Fred von Lehmann, who is credited for writing the EFF’s blog post, takes a no-nonsense approach towards blasting ASCAP for the lawsuit, citing a lesser-known part of the copyright act, 17 USC 110(4), and continuing with an excellent explanation of why ASCAP’s arguments are completely out of tune.

I can understand representing the interests of the composers, who have expenses just like the rest of us. However, there is a line between fair compensation and greed. ASCAP’s proposal crosses way over the line.

A lot of this could be avoided if copyright restrictions were capped to a sensible length of time.
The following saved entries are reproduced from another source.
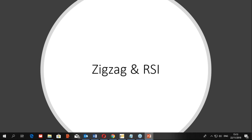Kelemahan utama indikator zigzag ini adalah kadang repaint, dan bukan indikator yang bisa digunakan sebagai panduan untuk entry. Untuk menutupi kelemahan tersebut, kita perlu memadukan indikator zigzag ini dengan indikator-indikator lain. Kita bisa memadukan dengan indikator berbagai tipe, bisa indikator trend, indikator momentum, atau indikator volatility.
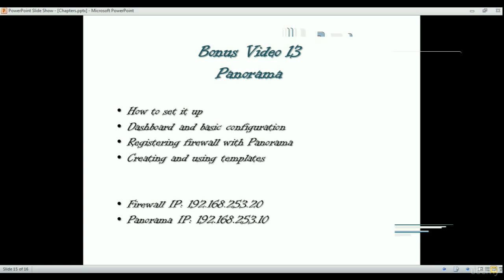You can have that kind of global visibility on Panorama rather than viewing individual firewalls. For this exercise I have set up two devices — two virtual machines. Panorama is a virtual machine, it's an OVA file you can download. I can provide the download details in the discussions section of the training, so you can go ahead and download the Panorama OVA file.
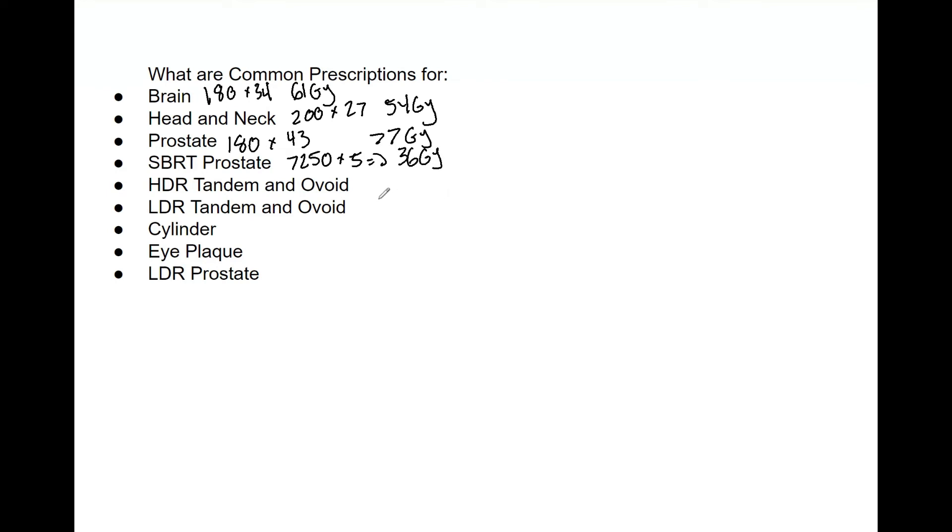Now HDR tandem and ovoid is 600 by 5. I would also guess that they are more likely to ask you brachytherapy prescriptions than conventional prescriptions. They could ask both, but I would definitely know all HDR and LDR prescriptions.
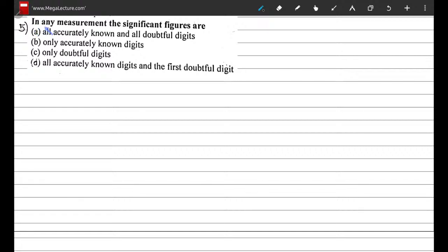Question 5: in any measurement, the significant figures are — we have four options. From what we learned in the lecture on measurements, significant figures for any measurement are all accurately known digits and the first doubtful digit. So the correct option is D.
The original 28 years of US copyright law is much more reasonable than today’ length which is effectively forever (life of the author plus 75 years, and that’s if it doesn’t get extended yet again, which is always possible given the history of copyright law). Had we stuck with 28-year copyright, here’s a small sampling of what would be public domain today:

  • Any surviving recordings of sporting events held during or before 1980, including Super Bowls I through XIV and the World Series staged in those years
  • Any recordings of the Olympic games up to and including the XXII Summer Olympiad and XIII Winter Olympiad (both in 1980, held in Moscow and Lake Placid, respectively), which would include the original game tape of the 1980 Miracle on Ice
  • Every movie copyrighted in 1980 or earlier, including: Rollerball, The Godfather trilogy, the first two Star Wars movies (episodes IV and V), American Graffiti, and any film which predates these (a very long list indeed)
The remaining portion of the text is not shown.